▸ **The task**: Each line of the data below from the one holding "Weiße Bluse mit" to the one holding "湖光山色风景简笔画步骤图片大全", inclusive, is to be reproduced exactly; no other line belongs in the answer.

▸ **Data**:
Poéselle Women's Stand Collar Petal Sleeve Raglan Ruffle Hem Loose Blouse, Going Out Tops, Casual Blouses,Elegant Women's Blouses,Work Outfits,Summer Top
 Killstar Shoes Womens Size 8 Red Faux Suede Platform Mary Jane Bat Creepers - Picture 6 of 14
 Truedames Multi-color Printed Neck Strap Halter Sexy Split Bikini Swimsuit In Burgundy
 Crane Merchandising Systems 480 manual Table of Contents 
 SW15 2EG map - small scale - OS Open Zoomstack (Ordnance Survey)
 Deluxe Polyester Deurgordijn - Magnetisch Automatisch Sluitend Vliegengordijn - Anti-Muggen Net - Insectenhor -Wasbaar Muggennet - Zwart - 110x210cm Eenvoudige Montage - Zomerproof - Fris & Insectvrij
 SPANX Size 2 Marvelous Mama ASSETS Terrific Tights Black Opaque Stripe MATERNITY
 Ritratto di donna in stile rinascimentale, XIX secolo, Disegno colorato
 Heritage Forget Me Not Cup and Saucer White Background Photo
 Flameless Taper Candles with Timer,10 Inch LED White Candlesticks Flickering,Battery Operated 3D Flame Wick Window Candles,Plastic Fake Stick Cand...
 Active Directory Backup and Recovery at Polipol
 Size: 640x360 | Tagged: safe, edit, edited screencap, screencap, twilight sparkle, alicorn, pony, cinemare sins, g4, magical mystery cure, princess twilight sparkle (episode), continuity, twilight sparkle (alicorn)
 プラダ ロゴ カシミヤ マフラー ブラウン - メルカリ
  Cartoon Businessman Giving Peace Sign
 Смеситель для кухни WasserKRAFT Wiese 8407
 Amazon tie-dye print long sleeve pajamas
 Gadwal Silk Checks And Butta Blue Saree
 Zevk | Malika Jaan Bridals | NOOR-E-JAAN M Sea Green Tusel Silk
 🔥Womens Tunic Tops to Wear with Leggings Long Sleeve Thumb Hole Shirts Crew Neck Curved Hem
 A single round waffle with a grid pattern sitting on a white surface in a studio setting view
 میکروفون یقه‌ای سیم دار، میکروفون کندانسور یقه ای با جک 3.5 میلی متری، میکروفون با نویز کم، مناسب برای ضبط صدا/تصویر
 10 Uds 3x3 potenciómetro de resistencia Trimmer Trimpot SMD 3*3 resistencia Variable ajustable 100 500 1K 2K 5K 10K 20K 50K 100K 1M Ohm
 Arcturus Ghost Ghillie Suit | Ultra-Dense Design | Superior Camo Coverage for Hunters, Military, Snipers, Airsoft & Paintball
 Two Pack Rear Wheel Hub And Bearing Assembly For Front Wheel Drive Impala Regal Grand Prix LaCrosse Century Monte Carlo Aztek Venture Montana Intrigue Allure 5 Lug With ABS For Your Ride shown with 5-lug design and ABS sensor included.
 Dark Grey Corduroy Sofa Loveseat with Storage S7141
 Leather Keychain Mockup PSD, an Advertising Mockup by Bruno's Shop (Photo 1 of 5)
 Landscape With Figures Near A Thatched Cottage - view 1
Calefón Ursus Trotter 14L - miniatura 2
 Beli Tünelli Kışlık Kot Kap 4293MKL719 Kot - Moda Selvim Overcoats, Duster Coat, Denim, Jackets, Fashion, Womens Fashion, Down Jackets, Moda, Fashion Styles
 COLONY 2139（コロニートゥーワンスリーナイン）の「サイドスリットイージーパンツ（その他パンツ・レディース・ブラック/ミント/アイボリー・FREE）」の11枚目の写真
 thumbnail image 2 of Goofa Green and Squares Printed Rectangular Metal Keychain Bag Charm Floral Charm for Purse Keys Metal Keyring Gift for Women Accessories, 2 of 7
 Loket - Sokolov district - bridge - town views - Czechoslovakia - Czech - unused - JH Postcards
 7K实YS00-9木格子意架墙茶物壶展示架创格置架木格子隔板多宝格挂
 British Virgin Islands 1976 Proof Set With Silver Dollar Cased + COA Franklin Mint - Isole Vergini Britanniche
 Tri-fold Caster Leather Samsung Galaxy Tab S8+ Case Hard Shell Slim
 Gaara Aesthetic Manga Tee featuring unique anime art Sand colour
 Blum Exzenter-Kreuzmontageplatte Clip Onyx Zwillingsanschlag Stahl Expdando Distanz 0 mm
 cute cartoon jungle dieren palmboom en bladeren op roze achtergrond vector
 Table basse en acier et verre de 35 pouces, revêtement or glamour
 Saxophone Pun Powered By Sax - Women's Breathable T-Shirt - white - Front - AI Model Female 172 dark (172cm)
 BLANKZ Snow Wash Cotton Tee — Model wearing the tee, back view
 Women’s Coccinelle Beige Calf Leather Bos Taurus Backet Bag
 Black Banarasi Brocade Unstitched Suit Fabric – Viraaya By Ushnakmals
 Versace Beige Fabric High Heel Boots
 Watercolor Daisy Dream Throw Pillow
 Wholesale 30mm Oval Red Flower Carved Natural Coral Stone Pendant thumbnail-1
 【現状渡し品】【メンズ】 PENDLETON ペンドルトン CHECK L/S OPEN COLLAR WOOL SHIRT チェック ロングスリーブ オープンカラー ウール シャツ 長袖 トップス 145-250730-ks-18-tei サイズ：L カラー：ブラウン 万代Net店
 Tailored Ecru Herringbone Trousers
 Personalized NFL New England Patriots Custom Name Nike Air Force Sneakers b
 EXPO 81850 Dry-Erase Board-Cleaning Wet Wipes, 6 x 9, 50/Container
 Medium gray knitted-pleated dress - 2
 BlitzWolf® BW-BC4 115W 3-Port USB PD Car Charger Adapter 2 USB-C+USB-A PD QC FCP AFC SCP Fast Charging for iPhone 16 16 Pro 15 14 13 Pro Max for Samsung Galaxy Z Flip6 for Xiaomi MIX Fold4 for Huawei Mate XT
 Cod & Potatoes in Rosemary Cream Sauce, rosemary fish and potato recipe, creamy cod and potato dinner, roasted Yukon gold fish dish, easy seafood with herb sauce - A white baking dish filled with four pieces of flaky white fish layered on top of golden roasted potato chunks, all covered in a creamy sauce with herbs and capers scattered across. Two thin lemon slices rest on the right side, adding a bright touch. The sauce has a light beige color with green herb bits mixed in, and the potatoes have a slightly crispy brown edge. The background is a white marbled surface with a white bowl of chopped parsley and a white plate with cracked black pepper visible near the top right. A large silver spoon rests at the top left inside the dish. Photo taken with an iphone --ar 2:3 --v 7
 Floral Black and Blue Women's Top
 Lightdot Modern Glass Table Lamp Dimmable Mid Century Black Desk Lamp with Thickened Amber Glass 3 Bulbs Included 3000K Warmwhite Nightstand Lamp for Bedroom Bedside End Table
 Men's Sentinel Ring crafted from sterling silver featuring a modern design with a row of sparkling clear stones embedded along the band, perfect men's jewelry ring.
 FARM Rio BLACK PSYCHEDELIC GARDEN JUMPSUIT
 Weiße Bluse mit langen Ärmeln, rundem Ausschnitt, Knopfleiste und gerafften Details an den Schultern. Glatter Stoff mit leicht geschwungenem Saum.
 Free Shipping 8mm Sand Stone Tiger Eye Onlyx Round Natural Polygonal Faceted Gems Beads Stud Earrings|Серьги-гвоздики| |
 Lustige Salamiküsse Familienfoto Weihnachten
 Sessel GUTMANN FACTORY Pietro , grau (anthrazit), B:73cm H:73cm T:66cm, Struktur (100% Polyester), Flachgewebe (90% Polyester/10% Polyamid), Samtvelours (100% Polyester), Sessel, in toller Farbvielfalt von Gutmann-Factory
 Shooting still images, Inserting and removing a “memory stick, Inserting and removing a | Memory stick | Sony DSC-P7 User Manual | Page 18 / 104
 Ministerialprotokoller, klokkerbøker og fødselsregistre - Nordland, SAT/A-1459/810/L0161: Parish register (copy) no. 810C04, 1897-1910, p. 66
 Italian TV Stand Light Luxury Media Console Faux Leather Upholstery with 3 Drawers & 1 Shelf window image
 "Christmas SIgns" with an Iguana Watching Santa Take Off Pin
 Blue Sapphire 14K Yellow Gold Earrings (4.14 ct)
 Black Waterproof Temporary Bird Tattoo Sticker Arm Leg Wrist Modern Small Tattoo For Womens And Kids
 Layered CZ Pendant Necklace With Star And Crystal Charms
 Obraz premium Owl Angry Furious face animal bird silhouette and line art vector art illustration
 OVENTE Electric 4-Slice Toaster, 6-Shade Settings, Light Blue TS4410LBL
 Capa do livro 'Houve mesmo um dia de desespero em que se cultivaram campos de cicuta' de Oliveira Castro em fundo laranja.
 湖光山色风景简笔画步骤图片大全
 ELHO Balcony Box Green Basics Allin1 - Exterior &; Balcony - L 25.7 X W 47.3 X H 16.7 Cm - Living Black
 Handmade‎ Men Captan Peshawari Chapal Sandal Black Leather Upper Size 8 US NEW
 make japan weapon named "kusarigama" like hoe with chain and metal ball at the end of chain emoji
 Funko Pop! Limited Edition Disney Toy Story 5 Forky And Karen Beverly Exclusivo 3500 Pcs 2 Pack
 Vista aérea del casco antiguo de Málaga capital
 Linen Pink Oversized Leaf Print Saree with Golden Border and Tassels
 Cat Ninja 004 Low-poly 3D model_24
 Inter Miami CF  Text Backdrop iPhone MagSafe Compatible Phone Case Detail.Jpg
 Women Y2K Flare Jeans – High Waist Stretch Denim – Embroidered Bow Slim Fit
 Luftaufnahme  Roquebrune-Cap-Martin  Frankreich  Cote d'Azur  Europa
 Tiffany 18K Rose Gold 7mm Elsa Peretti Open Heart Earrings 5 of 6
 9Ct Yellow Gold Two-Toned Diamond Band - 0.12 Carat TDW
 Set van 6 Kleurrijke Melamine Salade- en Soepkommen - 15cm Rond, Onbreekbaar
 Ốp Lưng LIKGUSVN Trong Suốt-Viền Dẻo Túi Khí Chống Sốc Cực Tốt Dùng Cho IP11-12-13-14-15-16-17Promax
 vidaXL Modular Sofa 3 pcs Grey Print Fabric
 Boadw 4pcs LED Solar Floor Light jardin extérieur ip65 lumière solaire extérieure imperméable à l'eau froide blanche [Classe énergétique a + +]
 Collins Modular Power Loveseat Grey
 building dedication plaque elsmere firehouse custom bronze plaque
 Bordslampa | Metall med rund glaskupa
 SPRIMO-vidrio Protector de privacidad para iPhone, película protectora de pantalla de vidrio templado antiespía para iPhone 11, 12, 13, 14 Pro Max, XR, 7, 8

▸ **Written answer**:
 Weiße Bluse mit langen Ärmeln, rundem Ausschnitt, Knopfleiste und gerafften Details an den Schultern. Glatter Stoff mit leicht geschwungenem Saum.
 Free Shipping 8mm Sand Stone Tiger Eye Onlyx Round Natural Polygonal Faceted Gems Beads Stud Earrings|Серьги-гвоздики| |
 Lustige Salamiküsse Familienfoto Weihnachten
 Sessel GUTMANN FACTORY Pietro , grau (anthrazit), B:73cm H:73cm T:66cm, Struktur (100% Polyester), Flachgewebe (90% Polyester/10% Polyamid), Samtvelours (100% Polyester), Sessel, in toller Farbvielfalt von Gutmann-Factory
 Shooting still images, Inserting and removing a “memory stick, Inserting and removing a | Memory stick | Sony DSC-P7 User Manual | Page 18 / 104
 Ministerialprotokoller, klokkerbøker og fødselsregistre - Nordland, SAT/A-1459/810/L0161: Parish register (copy) no. 810C04, 1897-1910, p. 66
 Italian TV Stand Light Luxury Media Console Faux Leather Upholstery with 3 Drawers & 1 Shelf window image
 "Christmas SIgns" with an Iguana Watching Santa Take Off Pin
 Blue Sapphire 14K Yellow Gold Earrings (4.14 ct)
 Black Waterproof Temporary Bird Tattoo Sticker Arm Leg Wrist Modern Small Tattoo For Womens And Kids
 Layered CZ Pendant Necklace With Star And Crystal Charms
 Obraz premium Owl Angry Furious face animal bird silhouette and line art vector art illustration
 OVENTE Electric 4-Slice Toaster, 6-Shade Settings, Light Blue TS4410LBL
 Capa do livro 'Houve mesmo um dia de desespero em que se cultivaram campos de cicuta' de Oliveira Castro em fundo laranja.
 湖光山色风景简笔画步骤图片大全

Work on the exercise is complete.